Most users of whole house water filters replace and throw them away every few weeks or months, depending on household water consumption and how rusty and contaminated their incoming water is. While filters aren’t expensive, there’s an effective alternative to tossing them out: cleaning and reusing the cartridges.
Clean Filters With Muriatic Acid
Many municipalities that supply public water clean their large rust and sediment filters with hydrochloric acid (HCl), better known as muriatic acid. It’s difficult and prohibitively expensive for municipal water providers and industrial plants to replace their filter media when they became rust laden—especially in regions with high iron (rust) content where fouling is a persistent problem. Muriatic is a powerful acid that dissolves rust and hard water calcium deposits effectively without harming most cloth and paper filters. Many swimming pool owners are familiar with muriatic, which is used to adjust pool water pH.
Here’s What You’ll Need to Clean Filters:
- Two plastic pails or buckets
- Muriatic acid (a gallon—enough to last an average household a year—costs about $4.00)

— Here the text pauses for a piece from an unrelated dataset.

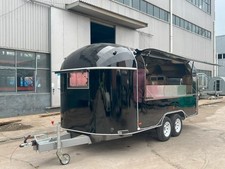 5m Black Airstream Catering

- Protective clothing, gloves and eye wear
- Baking soda
Filter Cleaning Procedure
Pour about half a gallon of water into a plastic pail or similar container wide enough to hold the cartridge when laid down horizontally. Obtain muriatic acid from a hardware, home improvement or pool supply store. Add one or two cups (8 – 16 oz.) of acid to the water (never pour water into acid), preferably outside or in a well-ventilated area. Muriatic is hazardous, so take the same precautions as swimming pool owners routinely do: wear eye protection and clothing that covers exposed skin areas, and gauntlet-style acid-resistant gloves. Don’t breathe the vapors.
Remove a dirty filter cartridge from its housing and wash off as much of the rust and debris as possible, preferably with a high-pressure nozzle. Then immerse the cartridge in the bucket of acid and leave it to soak in a safe place, away from children or pets. Within a week or less the acid solution will completely dissolve the rust, and the filter will be as clean as new. Carefully remove the filter from the acid bucket, drain and immerse in clean water in a separate bucket. Do a final rinse in running water. Empty the rinse bucket water into the acid bucket and save it for cleaning future dirty filters.
Neutralizing and Disposing of Spent Muriatic Acid
It’s environmentally irresponsible and probably illegal to dump acid down the drain, into a municipal or septic waste treatment system, or in the trash. The good news is that most of the acidity (and thus effectiveness) of the muriatic cleaning solution will be spent, i.e., neutralized by the chemical reaction of dissolving rust from filter cartridges.
Nevertheless, neutralize the spent muriatic before disposing of it. Mix a cup or so of baking soda with a gallon of water in the spare bucket. Carefully pour in the used muriatic and stir. It’s safe to pour the neutralized liquid (harmless sodium carbonate) down the drain when fizzing ceases. Alternatively, take it to a hazardous waste recycling facility.
Filters cleaned this way should last five to ten years—perhaps longer.